> [Exercise aim]: If a line below falls between the line with "Picture of AIRYAURA" and the line with "Pre Owned Charlotte", or is one of those two, output it exactly; output nothing else and no pictures.

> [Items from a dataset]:

* * *

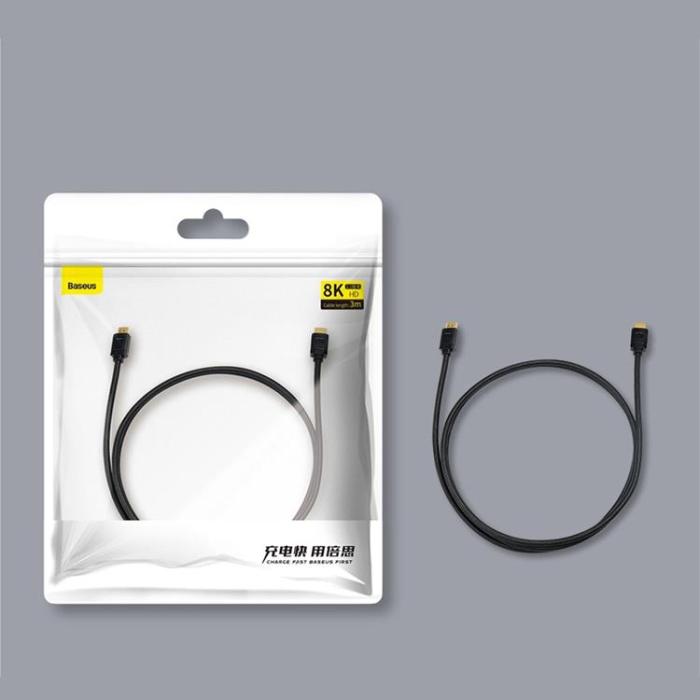 BASEUS - Baseus HDMI Till HDMI Adapter Kabel 0.5 m - Svart
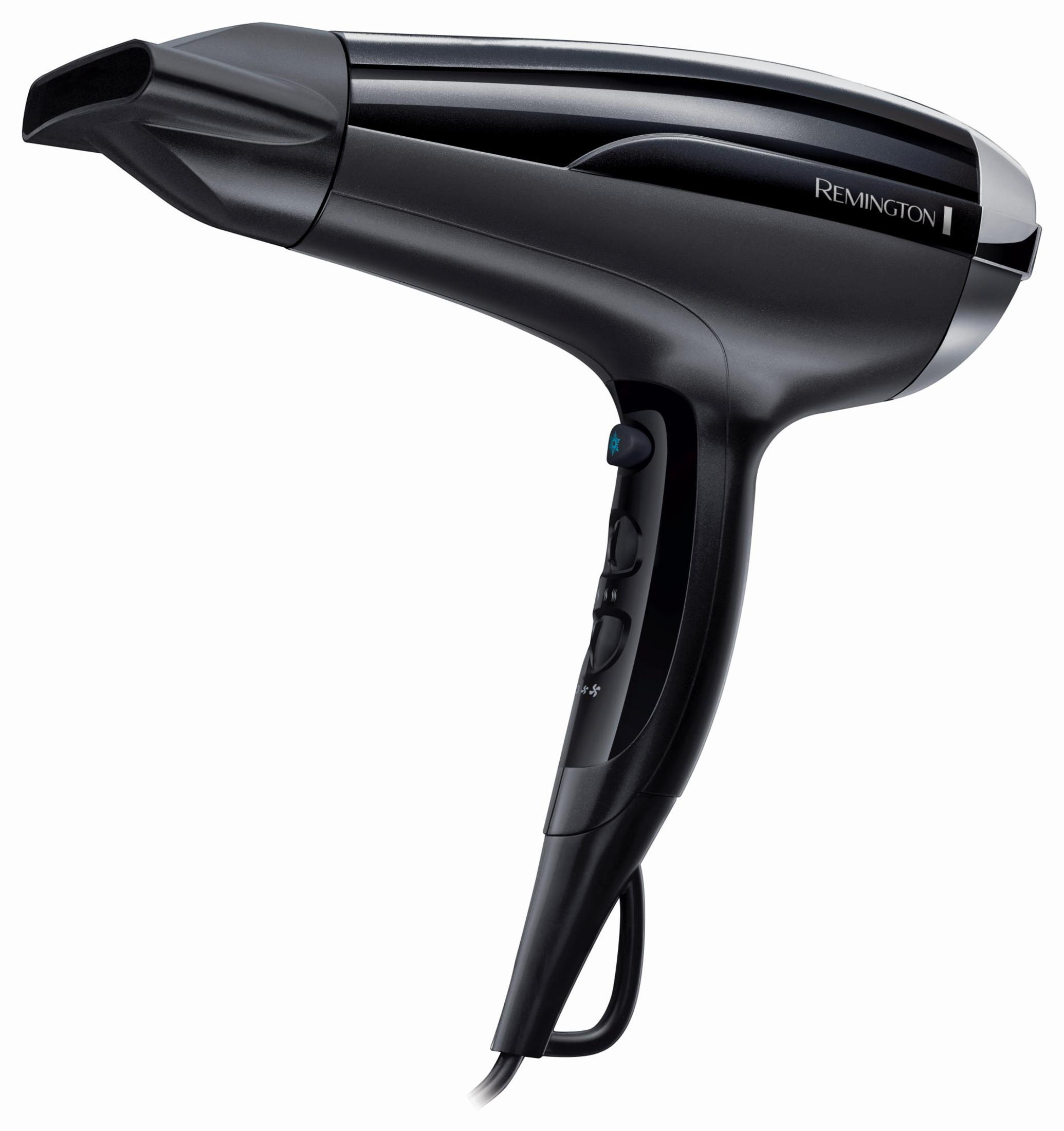 Czarna suszarka do włosów Remington z srebrnymi akcentami na białym tle.
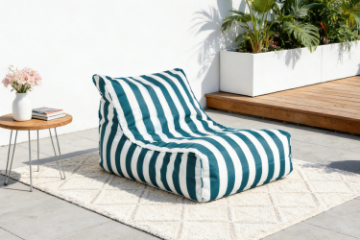 Picture of AIRYAURA Outdoor Bean Bag Lounger XL (White & Green)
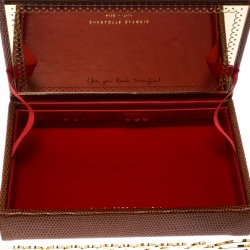 Pre Owned Charlotte Olympia Brown LIzard Embossed Leather Irresistible Vanina Clutch
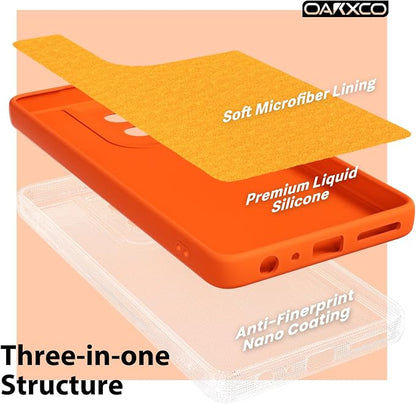 oakxco for Motorola Moto G Power 2025 Case Liquid Silicone, Cute Thin Slim Soft Rubber Gel for Women Men, Smooth Matte TPU Plain Bright Color Girly Case with Camera Cover, Fluorescent Neon Orange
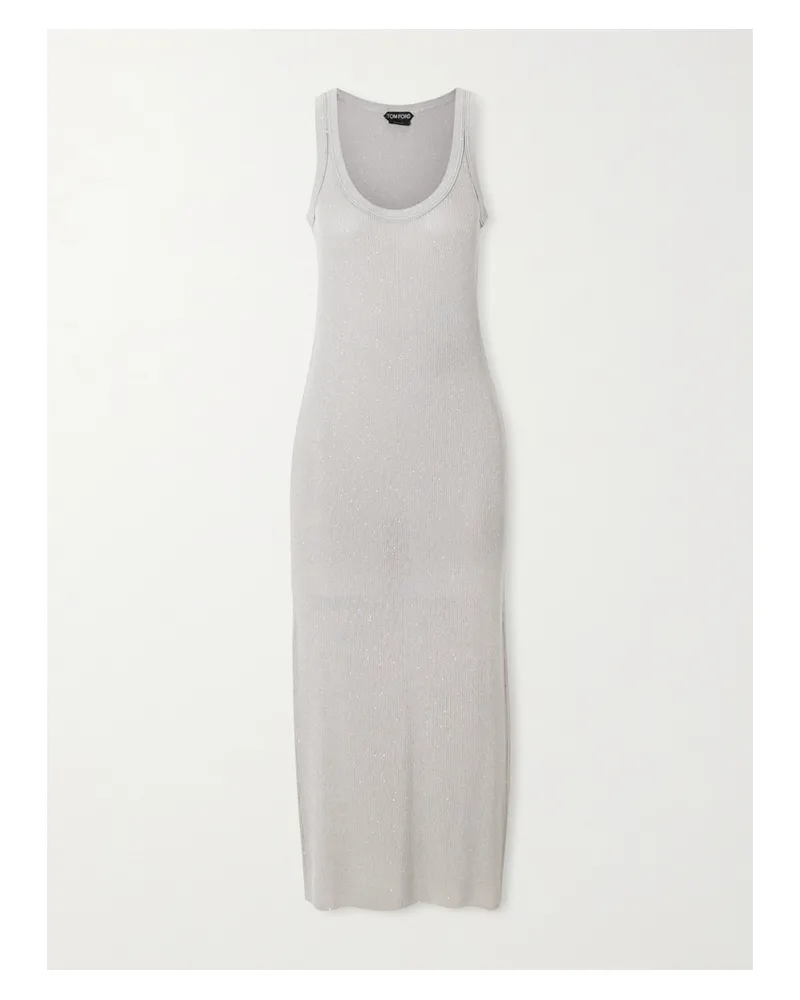 Tom Ford Sequin-embellished Metallic Ribbed-knit Midi Dress - Silver Silver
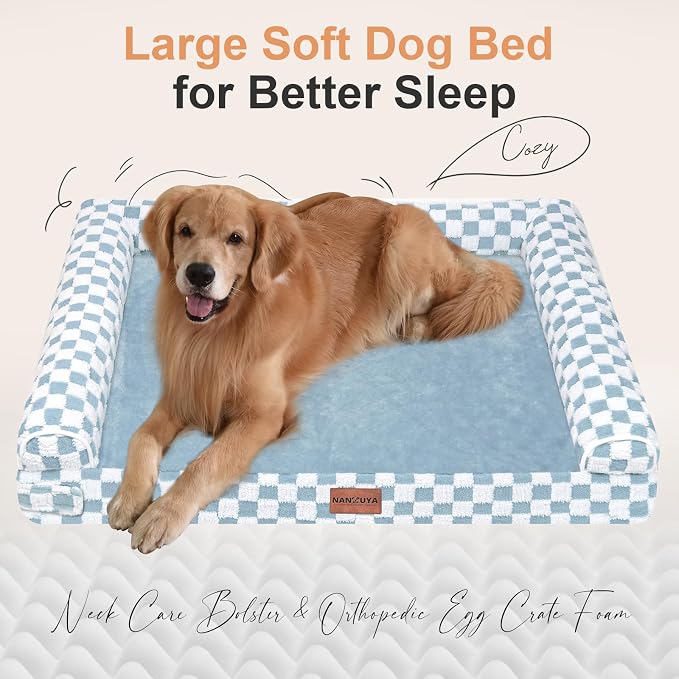 NANUYA Orthopedic Dog Bed for XX-Large Dogs, 44 x 34 Inch, Blue Grid | Egg crate foam for joint support, 3-sided bolster pet sofa, waterproof lining, washable cover, and non-skid base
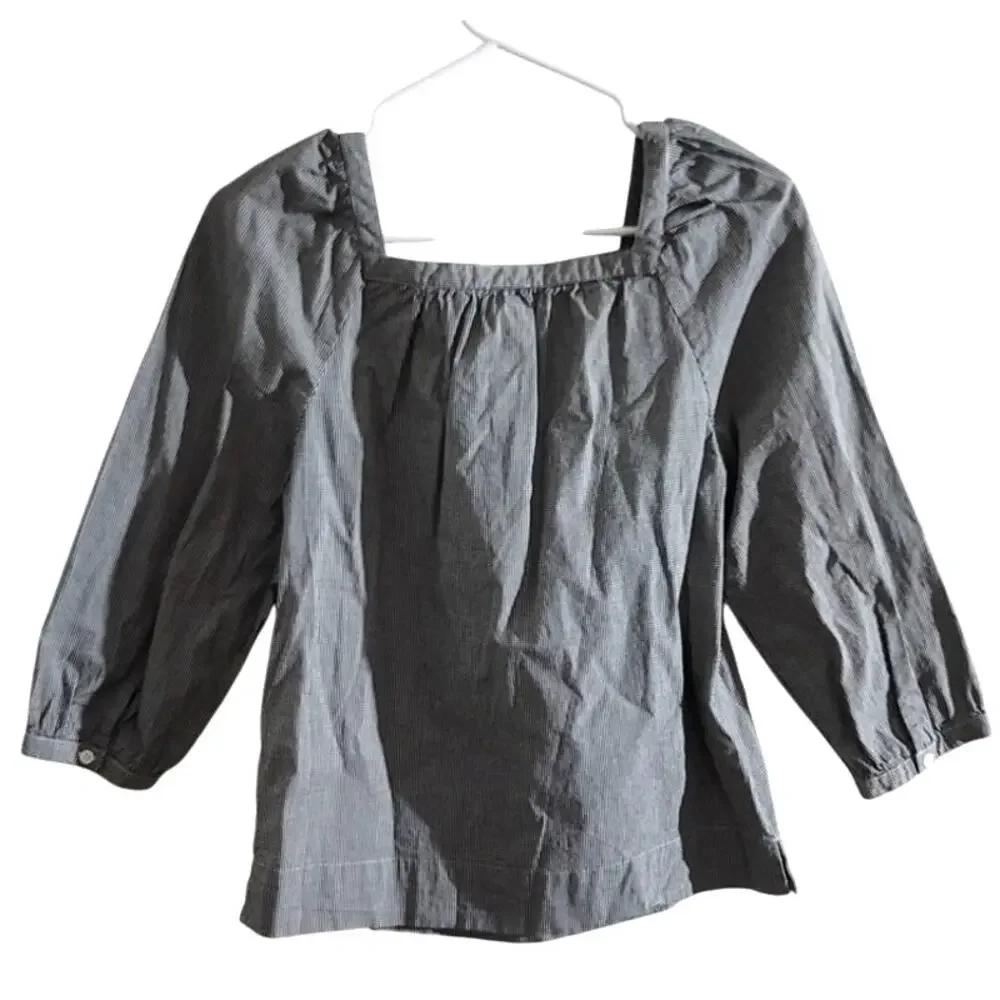 J Crew Penny Peasant Gingham Square Neck 3/4 Sleeve Top Black White XS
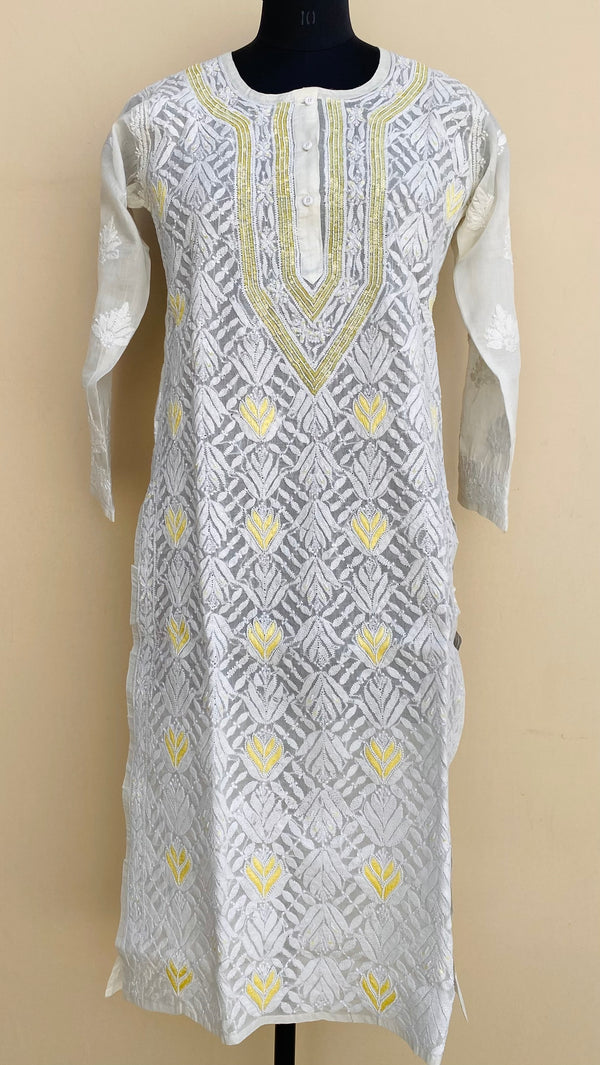 Lucknowi Chikankari Kurti Off White Cotton With Pearl & Sequence Work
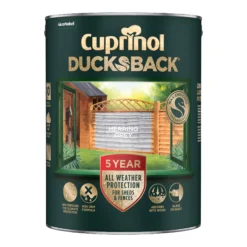 Cuprinol Ducksback Herring Grey Matt Arbours, Fencing, Gates, Sheds & Summerhouses Treatment, 5L -Hammerite Shop cuprinol ducksback herring grey matt arbours fencing gates sheds summerhouses treatment 5l5010212667248 08c bq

* * *

> [Exercise solution]:
 Picture of AIRYAURA Outdoor Bean Bag Lounger XL (White & Green)
 Pre Owned Charlotte Olympia Brown LIzard Embossed Leather Irresistible Vanina Clutch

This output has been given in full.